MAI SUCCESSO – L’Italia, nel 1959, non andò proprio al mondiale organizzato dalla Svezia che stasera sarà l’ultimo ostacolo da superare per andare in Russia. La qualificazione, però, impone quella rimonta che finora nei playoff, in quattro precedenti, non è mai riuscita a chi è presentato al ritorno dopo aver perso 1 a 0 all’andata. Gli azzurri, in una situazione così angosciante, si sono ritrovati solo una volta, nell’autunno di vent’anni fa. L’unico spareggio, contro la Russia nel 1997, andò bene. Adesso, però, la situazione è più complicata. All’epoca gli azzurri pareggiarono 1 a 1 a Mosca e, al ritorno a Napoli, entrarono in campo già promossi e quindi più tranquilli, anche se poi il successo fu di misura. Non sarà lo stesso stasera, dopo l’autogol di De Rossi a Solna. Anche perché Ventura non è più quello della stagione scorsa. Dopo l’estate e soprattutto dopo la sconfitta deprimente del 2 settembre a Madrid, ha perso il controllo del gruppo. E anche parte della credibilità. Per restare in corsa è sceso a patti con i senatori che gli hanno imposto il sistema di gioco e forse anche qualcosa in più. Nelle ultime 5 partite la Nazionale si è improvvisamente fermata: 2 sconfitte e 1 pari, oltre ai 2 successi utili, anche con la spinta esterna del Belgio, per arrivare a questo spareggio. Solo 3 gol realizzati: l’idea di gioco propositivo è improvvisamente sparita. E’, invece, riapparsa la mediocrità degli interpreti che avrebbero avuto bisogno di più certezze e meno slogan. Il quadro, nella notte della verità, è desolante. Se i senatori non sono al top, cioè in forma come all’Europeo del 2016, i giovani sembrano fermi al palo, quasi impauriti davanti alla responsabilità di vestire questa maglia. Si naviga nell’improvvisazione: lo dimostrano gli ultimi 9 gol, segnati da 9 giocatori diversi.

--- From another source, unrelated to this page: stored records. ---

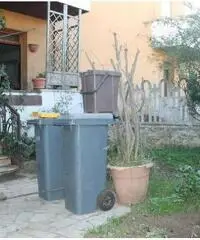 Rif: T3192 - ANZIO VILLA 90 MQ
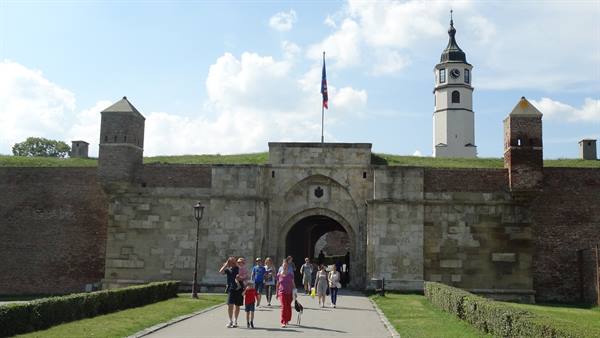 The Fortress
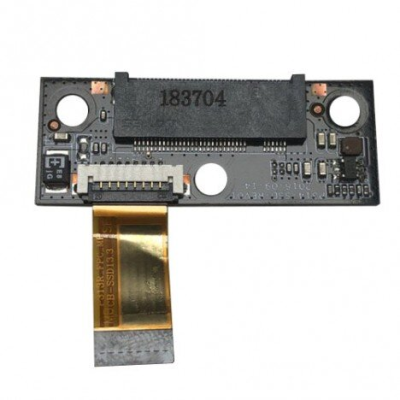 SSD CARD BOARD P314-SSD-REV01 FOR PEAQ NOTEBOOK SLIM S130 LAPTOP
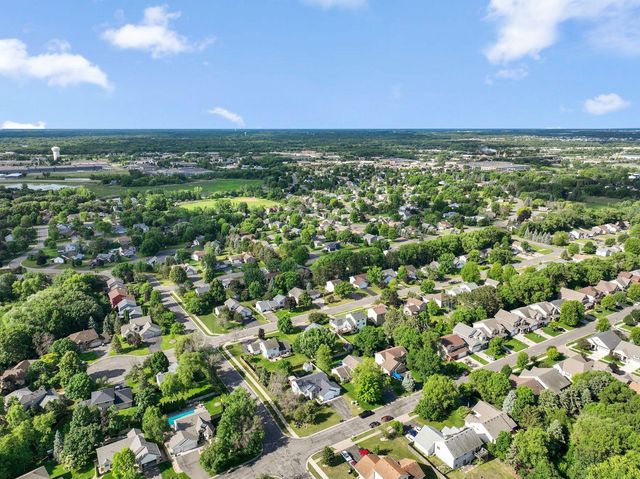 5980 146th Avenue NW, Anoka, MN 55303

ULTIMA CHIAMATA – C’è chi stasera potrebbe dire addio all’azzurro. Da Buffon in giù. Pure Ventura che, a quanto pare, proporrà 3 novità dopo la caduta di Solna. Dentro chi sta meglio, ma evitando di stravolgere la traccia. Sempre più simile a quella del suo predecessore Conte che, anche in caso di qualificazione, potrebbe a sorpresa diventare il suo erede: ecco il 3-5-2 che, in formula ibrida, si trasformerà nel 4-2-4 (o 4-4-2, fa lo stesso). Una via di mezzo per arrivare al mondiale. L’arbitro sarà lo spagnolo Lahoz, 40 anni, professore di educazione fisica. Si prepara leggendo i giornali e in campo dialoga con i giocatori. Li mette a loro agio, arrivando a chiedergli come stanno i bimbi. La Svezia è preoccupata. Non perché Lahoz interrompe spesso il gioco, ma perché è il pupillo di Collina, presidente della Commissione Arbitri della Fifa.